The hidden upside of QDIAs – Carosa
It turns out lack of employee engagement in their company’s retirement plan might not be such a bad idea after all.
It’s a struggle the retirement industry – from plan sponsors to service providers to regulators and public policy makers – has been trying to tackle since Ted Benna first discovered the Easter Egg Congressman Barber Conable hid under IRC Sec. 401(k) in the Revenue Act of 1978.
And yet, in the last few months, have we discovered the benefit of something we have for so long been trying to prevent?
The fourth quarter of 2018 saw the market dip into near-correction territory. The return of the usual volatility of the equity markets may have allowed us to stumble upon an heretofore overlooked advantage of QDIOs (see “Recent Market Volatility Has Revealed This About Target Date Funds,” FiduciaryNews.com, January 15, 2019).
Congress formalized in the 2006 Pension Protection Act decision-making inertia to help, rather than prevent, employees save more for their retirement. For any number of reasons, far too many workers were not opting into their 401(k) plan.
By switching the decision from an opt-in to an opt-out, automatic enrollment blossomed and more employees began to save for retirement.
You’d think this would have made everyone happy. It did not. Many felt a need to press employees to become more engaged in their company’s retirement plan.
In fact, with greater participation, there was an expectation greater engagement would result. It did not. For a very obvious reason.
An employee accepts the default investment option because they’re predisposed to not thinking about the “hard stuff” (i.e., investments) of their retirement plan. If employees don’t want to think about their retirement plan, why would they ever want to “engage” with it? They won’t.
For years, many considered this lack of engagement a bad thing. It was hoped more engagement would lead to more savings, better financial decisions, and a more comfortable retirement.
This may be all well and true.
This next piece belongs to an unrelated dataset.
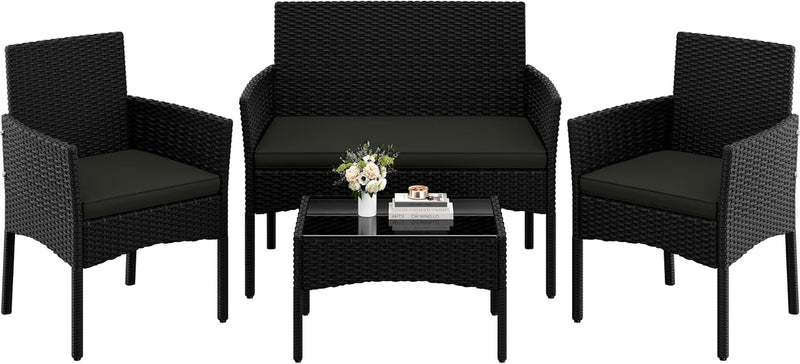 Yaheetech Set de muebles de jardín de 4 piezas, conjunto de muebles de balcón de poliratán para exterior con sofá de 2 plazas, 2 sillas, mesa y cojines para terraza/balcón/jardín, negro y gris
The push for greater financial literacy is a noble one and we must continue to pursue it.
But understanding personal finances and engagement in one’s retirement plan are not necessarily the same thing.
It turns out, that may be a good thing.
The greatest fear of the financial industry is people buying high and selling low. Wild gyrations in the market (both on the upside and the downside) can lead to this detrimental behavior.
The common advice professionals offer during periods of headline-making volatility is “turn off the TV and don’t read the newspaper.” More directly, they say to ignore the short-term swings because retirement investing is a long-term proposition (even when you’re retired).
Maybe all that lack of engagement helps employees ignore the market’s impact on their retirement savings. This becomes a major advantage of the “forget it” part of “set it and forget it.”
Perhaps those 401(k) do-it-yourselfers might want to take a lesson from their less engaged peers when it comes to reacting to market volatility.